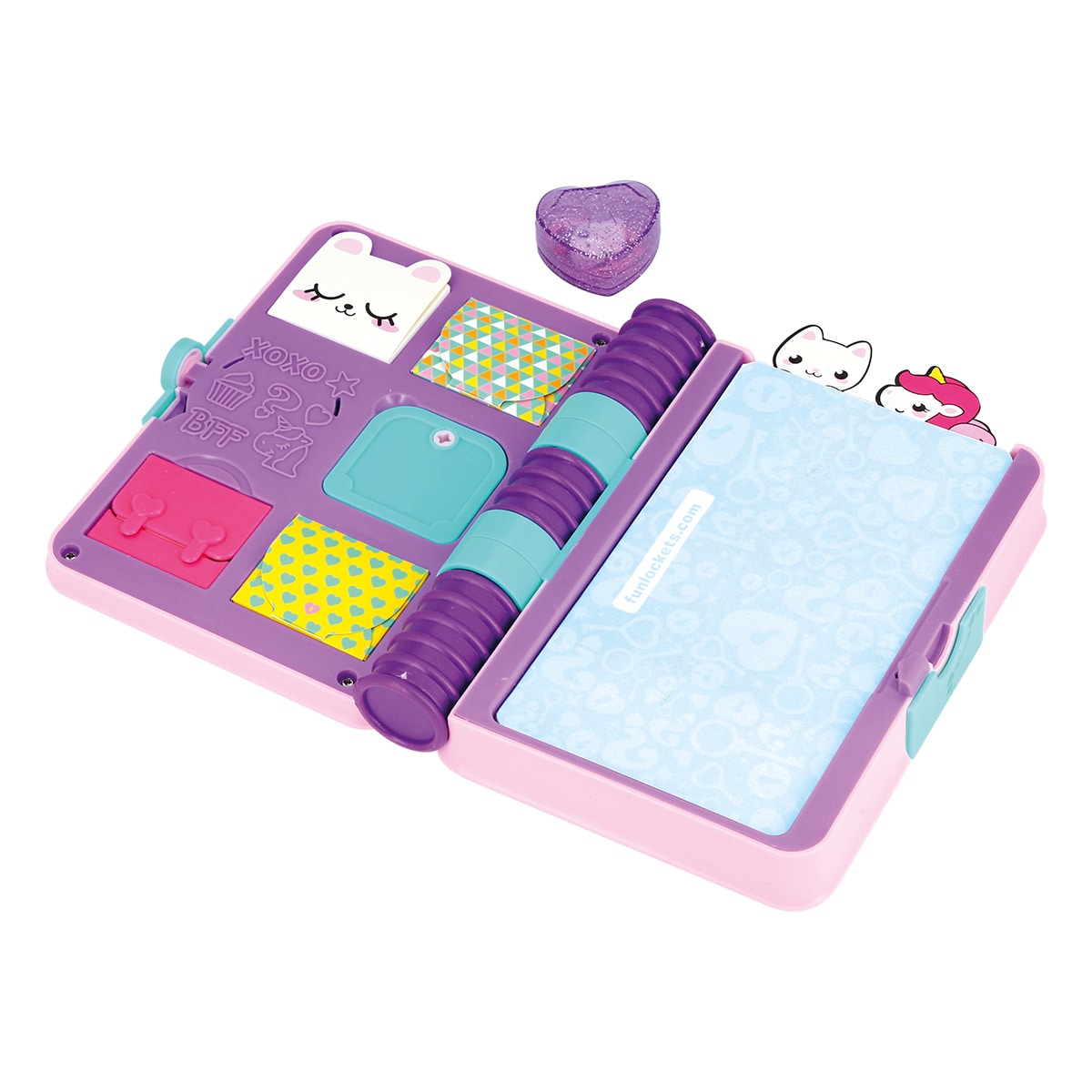 Diario secreto de Funlockets 5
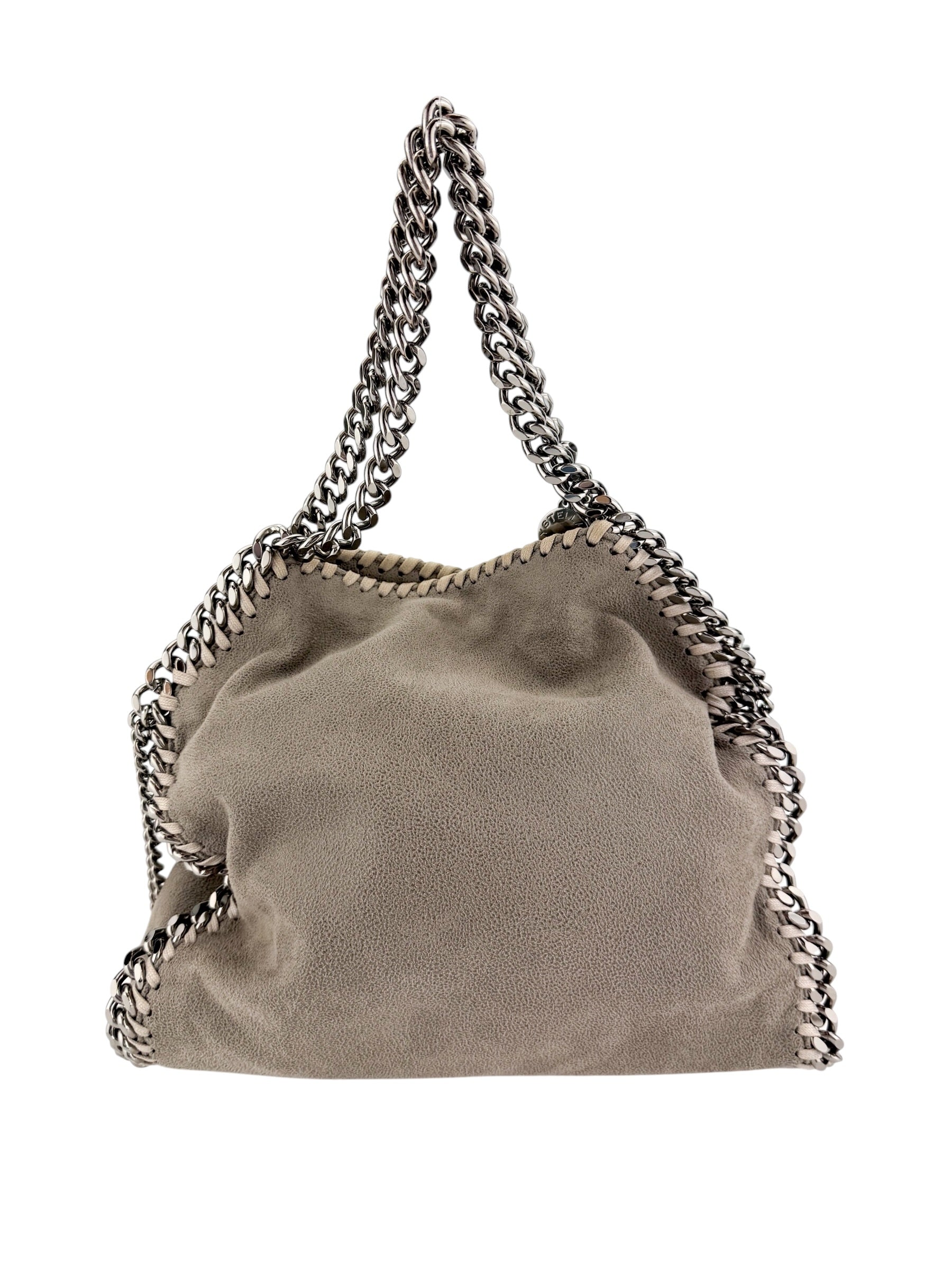 Stella McCartney Falabella Tote Grey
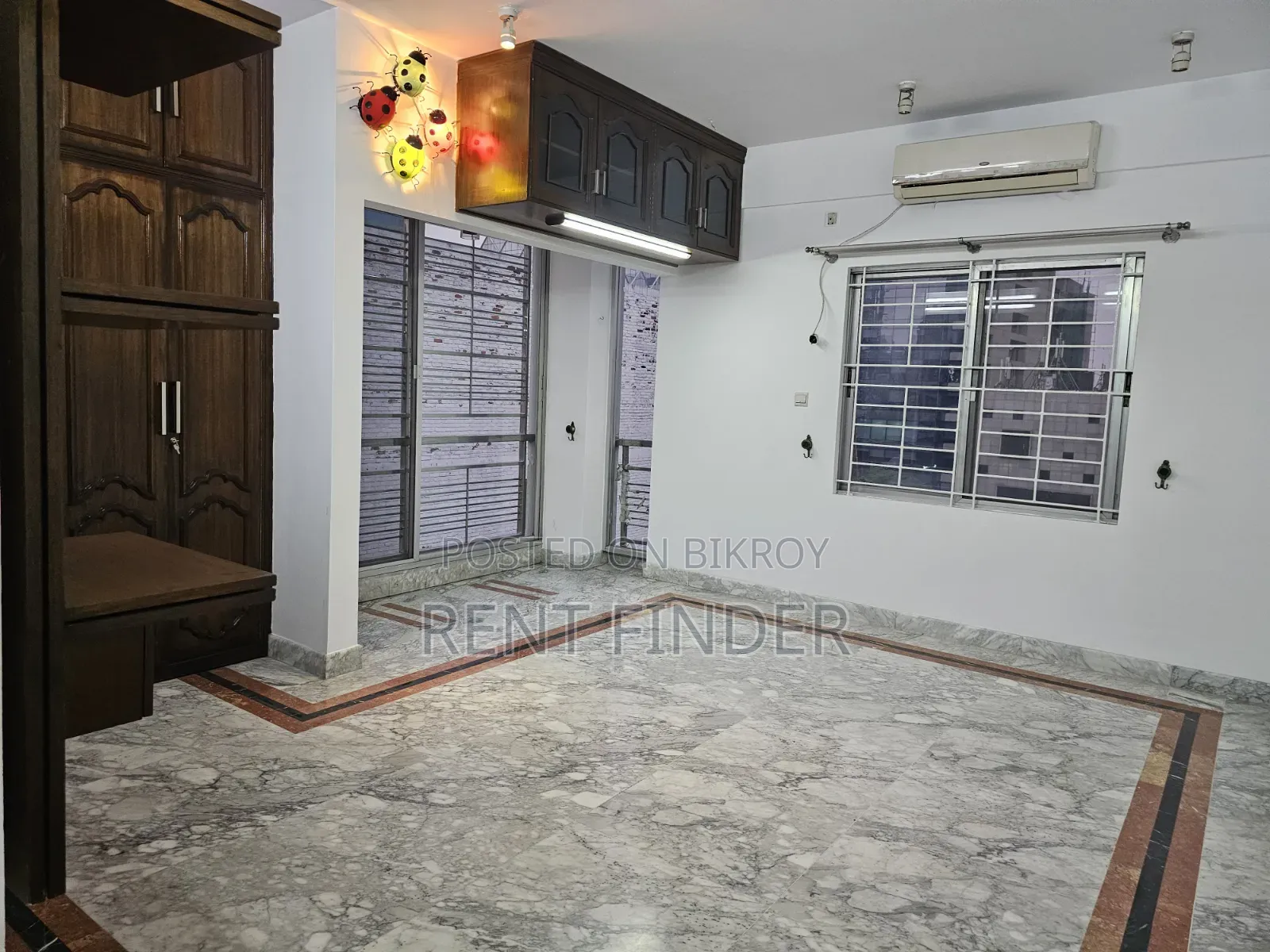 4-bedroom Apartment in Gulshan for Rent in Gulshan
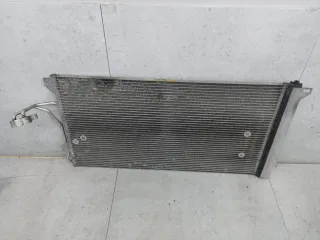 7L0820411G Радиатор кондиционера Volkswagen Touareg 1 Арт 31-3-55, вид 2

WHAT YOU HAVE TO DO: Please reproduce, exactly and only, the lines from the line containing "Stella McCartney Falabella Tote Grey" through the last line of the material above, minus any pictures.

TASK OUTPUT:
 Stella McCartney Falabella Tote Grey
 4-bedroom Apartment in Gulshan for Rent in Gulshan
 7L0820411G Радиатор кондиционера Volkswagen Touareg 1 Арт 31-3-55, вид 2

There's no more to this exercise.